In previous posts, I have studied some metrics of modern philosophy through computational tools such as frequency words count, idf-tf analysis or, even, topic modelling using LDA algorithm. I have shared a serie of analysis which originated not just the posts (until three posts:,,, but also a paper which is going to be published soon. Today, I would want to write about what should be the continuation of that research. At least, I will give an advance, hoping I will have the time and the inspiration to do it properly, if I can, in another paper.

Text mining approaches

As probably many people know, not all the computational analysis you do with texts is the same. There are differents approaches. Basically, we could enumerate three different levels (you will find mores information here at the last publication of Hvitfeldt and Silge (2020)):

  • the exploratory analysis where you calculate relations between words, including stopwords removal, ngrams analysis, idf-tf measurements or even sentimental analysis.
  • within the first one, a variant where you work not with the words (or tokens) itselves, but with a stemmization. In this case, you use previous created rules which are different for each language. These rules lend you to identify as the same token the variations of number, gender and time of the words. They are, for example: to remove the final “s” or “es” of a word or the “tation” termination, among many others.
  • one step further the second approach, when we use not mechanical rules but semantical detection of the common tokens resulted of words variations. That implies a more sophisticated work totally based on philological studies. So, we need a dictionary or words and compare it with our corpus searching the roots of our works. As you can imagine, it supposes a great cost or computational power. In return, you gain not just accuracy. You also have much more information to analyze. For example, you get the part-of-speech tagging (or POS tagging of each word).

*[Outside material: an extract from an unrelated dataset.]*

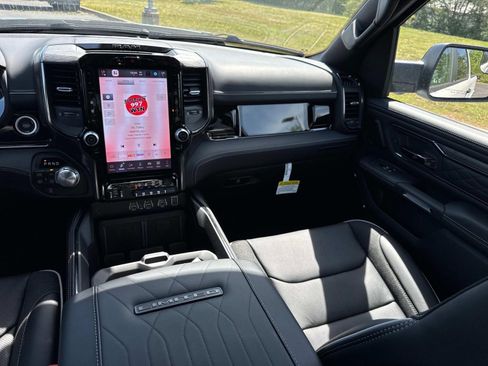 New 2026 RAM 1500 Limited w/ Night Edition AWD/4WD image 18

The last method implies the Natural Language Processing (NLP) analysis which is more suitable for achademic purposes. That’s also the method I am going to present in this post. For this purpose, I will use the udpide package (Wijffels, 2019).

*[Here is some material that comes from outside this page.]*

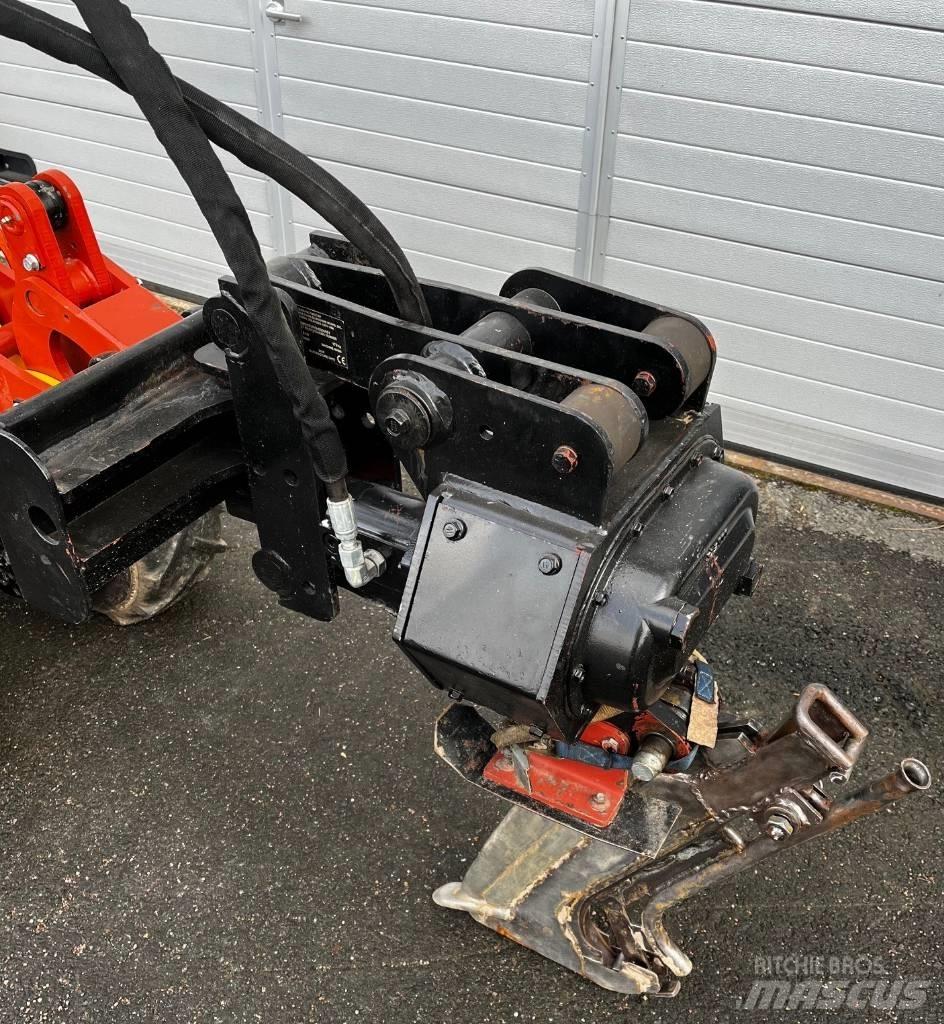 Ditch Witch R300 Канавокопачі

Practical case: Hegel vs. Nietzsche

If on previous posts I have analyzed what words identify each philsosphical work, in this one, under the view of NLP analysis, I will focus more on the type of words and the philosophical structure of the texts. In this sense, one of the first features you can observe is the sentence composition of the works. Mainly, we can look at the sentences length as it is shown on the next plot. As you can see, the work of Hegel has very much longer sentences than the Nietzsche’s one. The first one mean of sentences length is 33.2; meanwhile, the second one has a mean of 19.1. This difference should give us an idea of how different the styles are; even they have opposite styles.

Graphic 1: sentences length variations on Hegel and Nietzsche works.

This analysis can go further if we look, not just at the sentences itselves, but the kind of words which constitute them. This is also called POS tags on the NLP approach. On graphic 2, I have plot the result of exploring both works. As we can see, Hegel’s work has much more determines and adpositions, result of the complex sentences he uses. On the opposite, Nietzsche needs more puntuation sings. However, what draws more attention is that, even having shorter sentences, Nietzsche’s work has noticeably more verbs. This information could us think about which work has more movement. Even when Hegel’s work tries to conceptualize movement.

Graphic 2: Tipe of words of each work counted relatively using their average.

Finally, we can go little deeper, analyzing which words appear on each of the kind of words or POS tags detected. I have selected some of the POS tags I thought were more relevant but, of course, you can select another ones. In this case, we can see how Hegel uses very much the verb “to be” against Nietzsche, who uses the verb “want” -excuse me because I did this analysis in spanish 😁-. Or if you look at the noums, you also confirm the orientation that Hegel has to inmaterial and abstract things, against the practical, directed and emotive

Graphic 3: Concrete words for some POS tags.